> _RECORDS_:
# # # # #

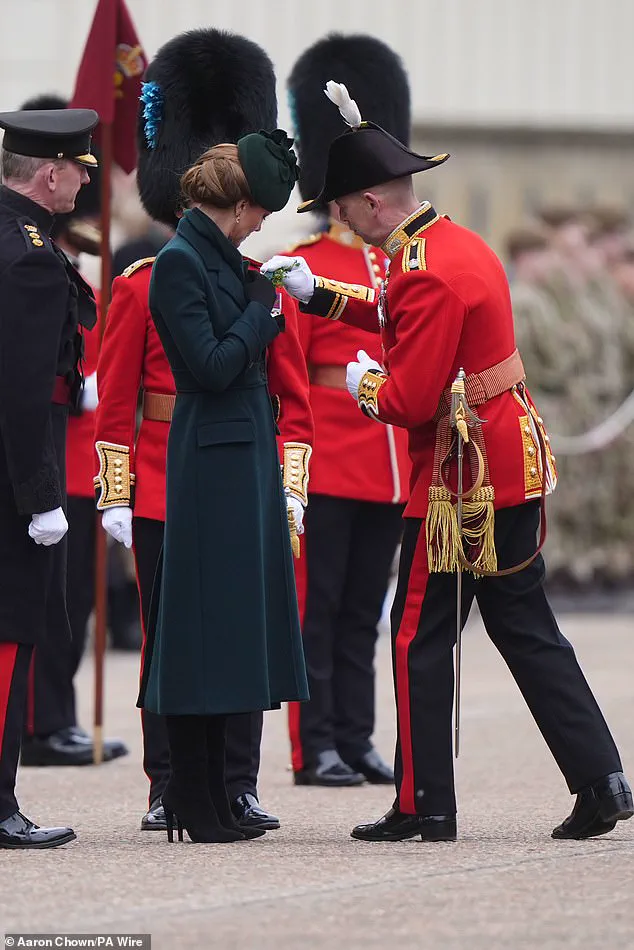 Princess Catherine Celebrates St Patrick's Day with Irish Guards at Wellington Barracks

# # # # #

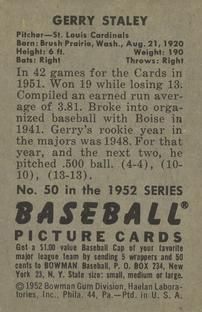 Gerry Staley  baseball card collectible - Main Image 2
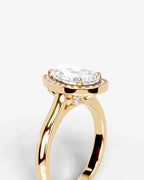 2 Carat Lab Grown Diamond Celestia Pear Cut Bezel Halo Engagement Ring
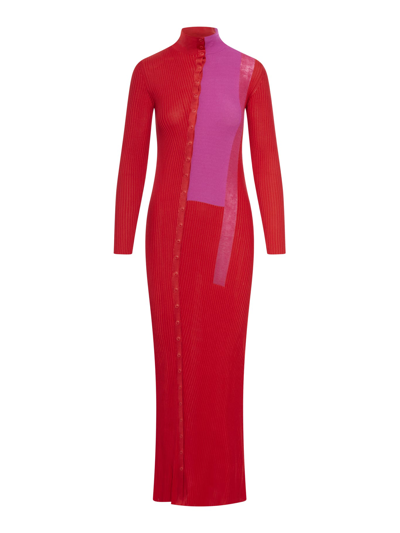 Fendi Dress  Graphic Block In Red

# # # # #

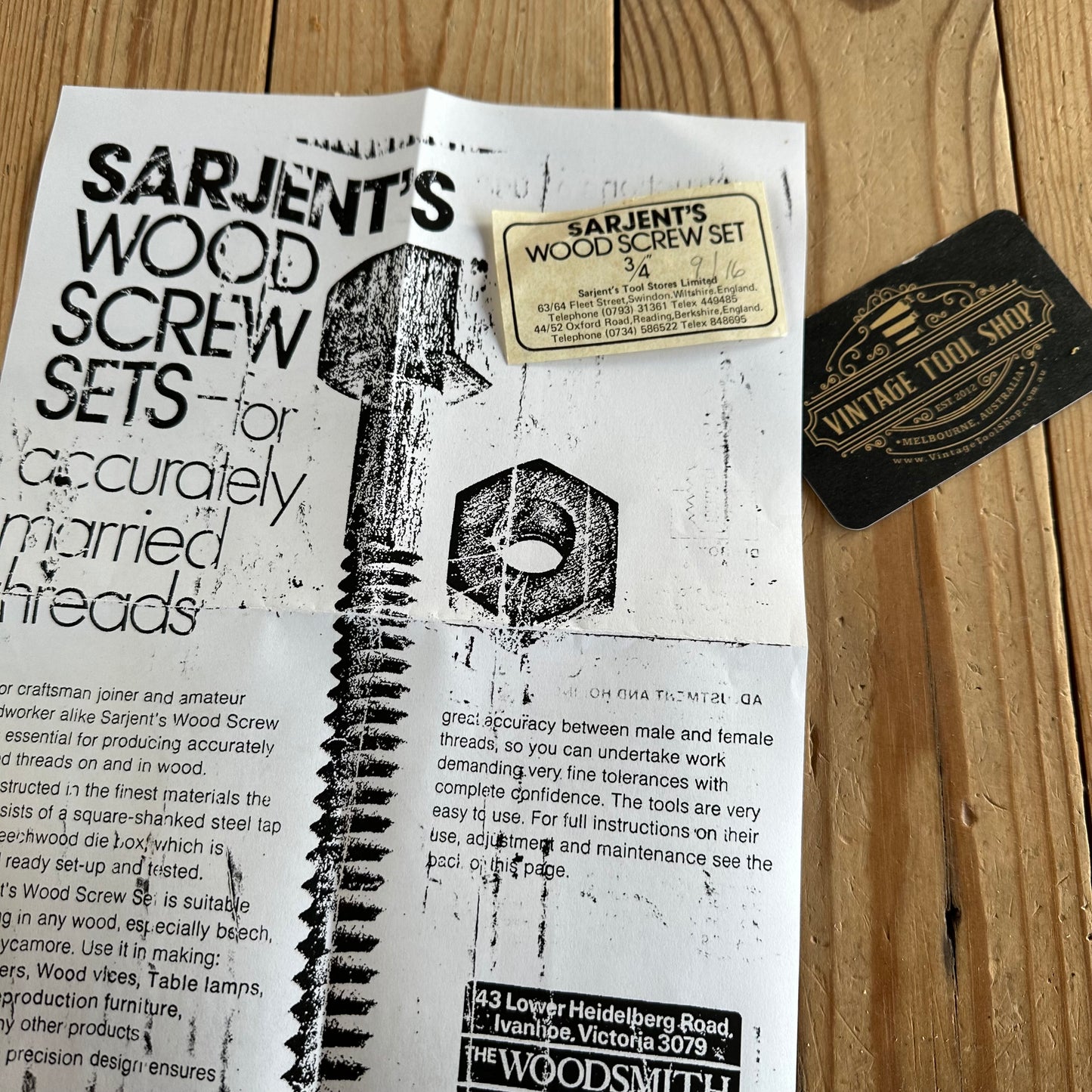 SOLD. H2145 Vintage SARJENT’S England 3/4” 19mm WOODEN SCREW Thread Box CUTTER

# # # # #

> _AIM OF THE TASK_: The output is the stretch above from the line with "Main Image 2" through the line with "Block In Red", copied word for word with both ends kept and every picture dropped.

> _RESPONSE TO THE TASK_:
 Gerry Staley  baseball card collectible - Main Image 2
 2 Carat Lab Grown Diamond Celestia Pear Cut Bezel Halo Engagement Ring
 Fendi Dress  Graphic Block In Red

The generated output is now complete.